Old Mutual has pumped £200 million into its wealth arm in a bid to prepare it for its planned spin off as a separate business.
In a stock market update, the firm said that the ‘managed separation’ will occur next year, shortly after its full-year results are announced.
As part of the cost savings announced by the move, the firm said it has already reduced its London headcount by 50% with the goal of shutting its City HQ next year. The £200 million is being put into the company as a 'liquidity buffer' ahead of it becoming an independent business.
In a trading update, the firm reported that net client cash flow increased by 53% to £4.9 billion in the six months to the end of June, while funds under management rose by 10% to £127.3 billion.
Old Mutual said 'integrated flows' across the business rose from £0.7 billion to £2.2 billion year-on-year. The company highlighted Old Mutual Global Investors' multi-asset proposition as a standout performer, taking in net flows of£1.6 billion.
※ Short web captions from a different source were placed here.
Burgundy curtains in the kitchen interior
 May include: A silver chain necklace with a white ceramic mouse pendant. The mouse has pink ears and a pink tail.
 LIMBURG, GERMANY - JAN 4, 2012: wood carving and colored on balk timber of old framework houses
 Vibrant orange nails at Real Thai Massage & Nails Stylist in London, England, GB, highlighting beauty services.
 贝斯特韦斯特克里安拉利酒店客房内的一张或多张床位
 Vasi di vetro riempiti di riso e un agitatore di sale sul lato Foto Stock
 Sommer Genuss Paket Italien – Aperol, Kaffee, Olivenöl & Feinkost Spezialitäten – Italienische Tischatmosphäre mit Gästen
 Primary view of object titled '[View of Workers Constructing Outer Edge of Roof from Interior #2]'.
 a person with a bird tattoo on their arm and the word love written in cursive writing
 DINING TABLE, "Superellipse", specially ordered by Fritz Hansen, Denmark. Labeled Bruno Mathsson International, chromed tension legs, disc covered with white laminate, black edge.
Pre-tax adjusted operating profit was up 29% to £134 million, with the firm’s pre-tax operating margin rising from 28% to 30%.
Old Mutual Wealth CEO Paul Feeney (pictured) said: ‘Despite continued questions over the strength and resilience of the UK economy, including rising inflationary pressures, we saw continued growth in net client cash flows which were up 53% to £4.9 billion (H1 2016: £3.2 billion) with a particularly noteworthy performance in the UK platform and by both the multi-asset and single-strategy businesses in Old Mutual Global Investors.
‘2017 continues to be a year of transition for Old Mutual Wealth as we move towards our separation from Old Mutual plc, and we are excited about the opportunities ahead.’